Curiosamente, quem se insurgiu contra este redirecionamento não foram as empresas incluídas, mas sim a própria pessoa jurídica originalmente executada (Grupo OK). Esta interpôs agravo de instrumento contra a decisão de redirecionamento, o qual foi acolhido pelo Tribunal Regional Federal da 1ª Região (TRF-1).

O TRF-1, ao julgar o recurso, adotou duas posições fundamentais:

  1. Reconheceu a legitimidade do Grupo OK para impugnar o redirecionamento;
  2. No mérito, entendeu que o redirecionamento era prematuro, pois não havia sido realizada a avaliação dos bens já oferecidos à penhora pelo Grupo OK.

O voto condutor do acórdão do TRF-1 chegou a afirmar expressamente:

"há um direito de ver examinada a pretensão dos bens, que foram oferecidos à penhora, e que há dois anos, e não foi até hoje avaliado para que siga o processamento normal, sem quebra da personalidade jurídica".

A posição do STJ: análise técnico-jurídica

Ao analisar o recurso especial interposto pela Fazenda Nacional, o relator Ministro Teodoro Silva Santos enfrentou duas questões primordiais: (i) possível violação aos arts. 535 e 458 do CPC/73, por suposta omissão ou deficiência de fundamentação; e (ii) alegada violação ao art. 499 do CPC/73, referente à legitimidade recursal.

Quanto à primeira questão, o STJ afastou os vícios apontados.

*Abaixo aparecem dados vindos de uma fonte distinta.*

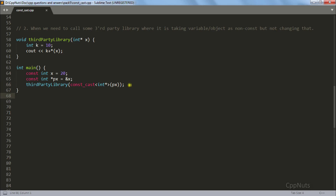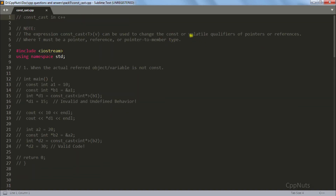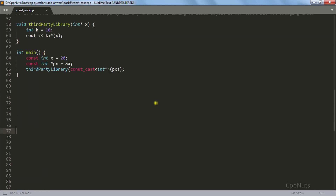Use const_cast when a third-party library function is non-constant but your data is constant — cast away the constness before passing. However, that library must not modify the data, otherwise it becomes undefined behavior as we learned in the first point. Regarding volatile: const_cast can also remove the volatile qualifier. volatile is used in embedded systems to prevent compiler optimization on a variable; sometimes you want to remove that qualifier so the compiler can optimize it again.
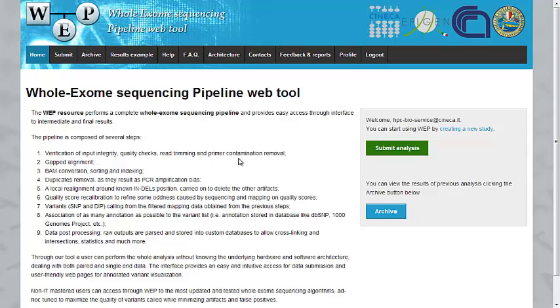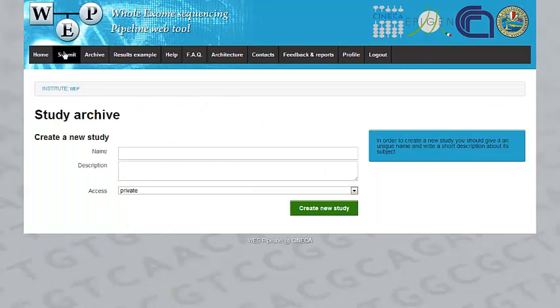As you probably know, you need to be registered in order to use the Web Tool. After logging in, you need to go to the Submit Data section and you'll be asked to create a new study.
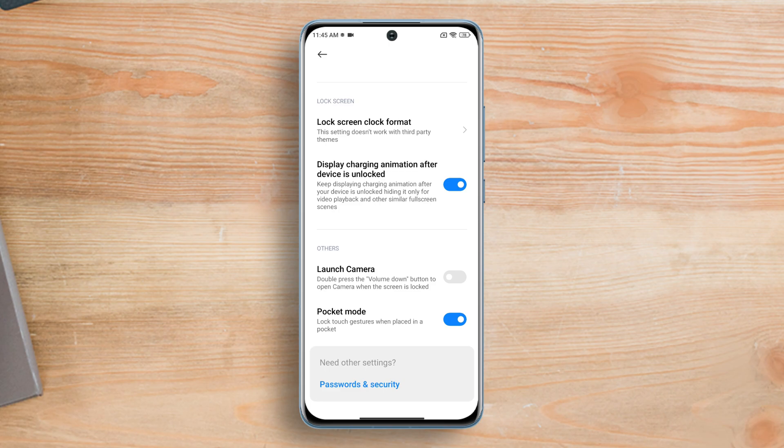However, as it uses the proximity sensor always to detect if it's in the pocket or in the bag, it can use a lot of battery.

A Corte entendeu que o TRF-1 enfrentou adequadamente as questões suscitadas pela Fazenda Nacional, ainda que de forma concisa. Lembrem-se, queridos alunos, do princípio da fundamentação suficiente, segundo o qual “o julgador não está obrigado a responder a todas as questões suscitadas pelas partes, quando já tenha encontrado motivo suficiente para proferir a decisão”.

Legitimidade recursal

No tocante à legitimidade recursal, questão central da controvérsia, o STJ adotou posicionamento técnico rigoroso, observando os pressupostos processuais subjetivos que autorizam a impugnação de decisões judiciais.

O Ministro Teodoro destacou que, conforme o art. 499 do CPC/73, apenas possuem legitimidade recursal:

  • A parte vencida;
  • O Ministério Público;
  • O terceiro prejudicado.

No caso concreto, a decisão de redirecionamento:

  1. Não prejudicou a empresa originalmente executada (Grupo OK);
  2. Ao contrário, a beneficiou, ao permitir que outras empresas também respondessem pela dívida;
  3. Não interferiu negativamente na sua esfera jurídica.

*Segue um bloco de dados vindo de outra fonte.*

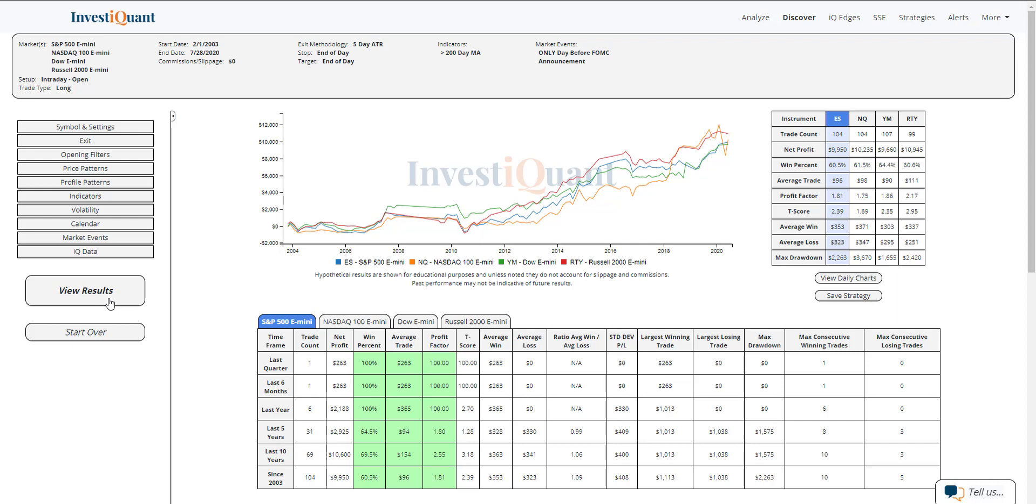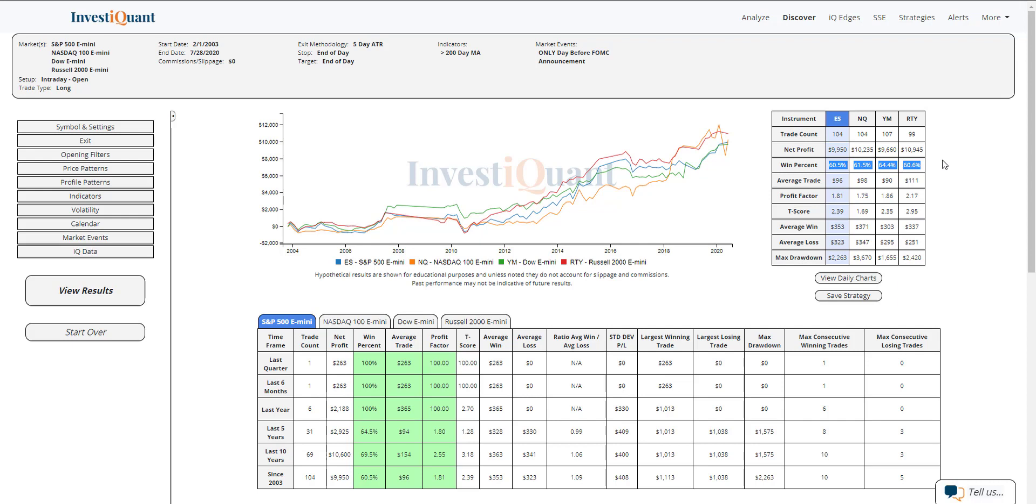Historically, this has happened 104 times in the ES, 104 times in the Nasdaq, 107 in the YM, and 99 in the Russell—very similar sample sizes. Looking at the win rates, all four instruments show very similar win rates coming in around 61% for the majority. YM is a little bit better, but historically these have leaned more towards the bullish side on this day.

Como bem pontuou o relator: “a decisão contra a qual se insurgiu a empresa executada, na verdade, lhe beneficia, visto que permite a corresponsabilidade pela satisfação da dívida executada”.

A ratio decidendi do STJ: aplicação analógica do Tema 649

Em síntese, no cerne da fundamentação jurídica do REsp 1.985.112/DF, o Ministro Teodoro Silva Santos recorreu a uma construção hermenêutica sólida, ancorada no precedente vinculante estabelecido pelo próprio STJ no julgamento do REsp 1.347.627/SP, que originou o Tema 649 dos recursos repetitivos.

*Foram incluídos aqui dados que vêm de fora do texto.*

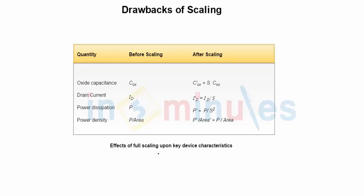Welcome to In 5 Minutes. The agenda of this clip is to understand the drawbacks of scaling. In the previous clip, we have seen the effect of full scaling and partial scaling on the device characteristics. Here is a quick review.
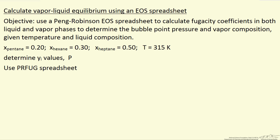I'm going to demonstrate how to use an equation of state spreadsheet for mixtures to determine vapor-liquid equilibrium. The idea is we're going to use the Peng-Robinson equation of state. We're going to calculate the fugacity coefficients for both the liquid phase and the vapor phase.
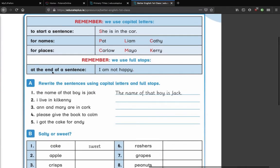Remember, we use capital letters — that's a part of grammar. Capital letters are grammar. You've been learning about this stuff, you just might not have known it as grammar. So to start a sentence, for example 'she is in the car' — 'she' gets a capital letter because it's the first word of the sentence. For names, people get capital letters on their names: Pat, Liam, and Kathy. For places in Ireland, we have the counties Carlow, Mayo and Kerry — they all get capital letters. And also we use full stops at the end of a sentence: 'I am not happy' — that gets a full stop at the end.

A delimitação deste tema é precisa: “a pessoa jurídica não tem legitimidade para interpor recurso no interesse do sócio”.

Conforme extraído do voto do relator: “Mutatis mutandis, aplica-se à espécie o quanto decidido por este Tribunal da Cidadania nos autos do Recurso Especial n. 1.347.627/SP, apreciado à luz da sistemática dos recursos repetitivos. Na ocasião, firmou-se a tese de que a pessoa jurídica executada não tem legitimidade para interpor recurso no interesse do sócio (Tema n. 649).”

Ora, essa transposição analógica representa um raciocínio jurídico rigoroso: se o ordenamento jurídico não admite que uma pessoa jurídica defenda interesses exclusivos de seus sócios, por extensão lógica também não pode permitir que uma empresa se insurja contra decisão que afeta exclusivamente outras pessoas jurídicas, ainda que pertencentes ao mesmo grupo econômico.

Perceba que o voto destaca explicitamente o art. 499 do CPC/73 (correspondente ao atual art. 996 do CPC/2015), que dispõe: “O recurso pode ser interposto pela parte vencida, pelo terceiro prejudicado e pelo Ministério Público”.

Desta norma derivam os requisitos subjetivos de admissibilidade recursal, condicionando o acesso à via impugnativa à demonstração de prejuízo jurídico concreto.

Inclusive, na construção de sua argumentação, o relator invocou precedentes para corroborar sua posição, como o AgInt no REsp 1.959.776/RS (Rel. Min. Gurgel de Faria), que sublinha:

"Consoante o entendimento desta Corte, caso o exame da questão não traga nenhum resultado prático à parte recorrente, fica afastado o binômio utilidade/necessidade, com a configuração da ausência de interesse recursal."

Teoria geral dos recursos

Portanto, este trecho evidencia uma aplicação cuidadosa da teoria geral dos recursos. Demonstra que a legitimidade recursal transcende aspectos meramente formais, exigindo a demonstração material do que a doutrina consagrou como “utilidade × necessidade“, binômio estruturante do interesse processual.

Particularmente relevante é a observação contida no acórdão de que "a decisão contra a qual se insurgiu a empresa executada, na verdade, lhe beneficia, visto que permite a corresponsabilidade pela satisfação da dívida executada".

Veja, esta constatação demonstra a aplicação concreta da teoria do interesse jurídico, evidenciando que o Grupo OK não só não foi prejudicado pela decisão de redirecionamento, como potencialmente se beneficiou dela, ao diluir sua responsabilidade pelo pagamento da dívida tributária.

Conclusões importantes

A decisão da Segunda Turma do STJ induz que:

  1. Reafirmação do princípio da autonomia processual: em consonância com o art. 8º do CPC/2015, reconheceu-se que, mesmo em situações de grupo econômico, cada entidade mantém sua independência processual e legitimidade própria para defesa de seus interesses em juízo.
  2. Aplicação da teoria da causa petendi no âmbito recursal: ao analisar o pedido recursal do Grupo OK, o STJ perquiriu a causa de pedir remota do recurso, identificando que, materialmente, a empresa originária pleiteava direito alheio em nome próprio, em violação ao art. 18 do CPC/2015.
  3. Mecanismo de proteção à efetividade da execução fiscal: ao vedar recursos promovidos por quem não possui legítimo interesse jurídico, o STJ fortaleceu o microssistema das execuções fiscais (Lei 6.830/80). Reafirmou, assim, seu caráter instrumental e finalístico, orientado à satisfação do crédito público.

Por fim, vale dizer que o Ministro Teodoro Silva Santos delimitou com precisão técnica as situações excepcionais em que poderia haver interesse comum entre empresas do mesmo grupo, afirmando que “se houver um tema ‘comum’ que afete a execução em face tanto da empresa original quanto das novas incluídas (por exemplo, a prescrição da dívida), não haverá ilegitimidade”.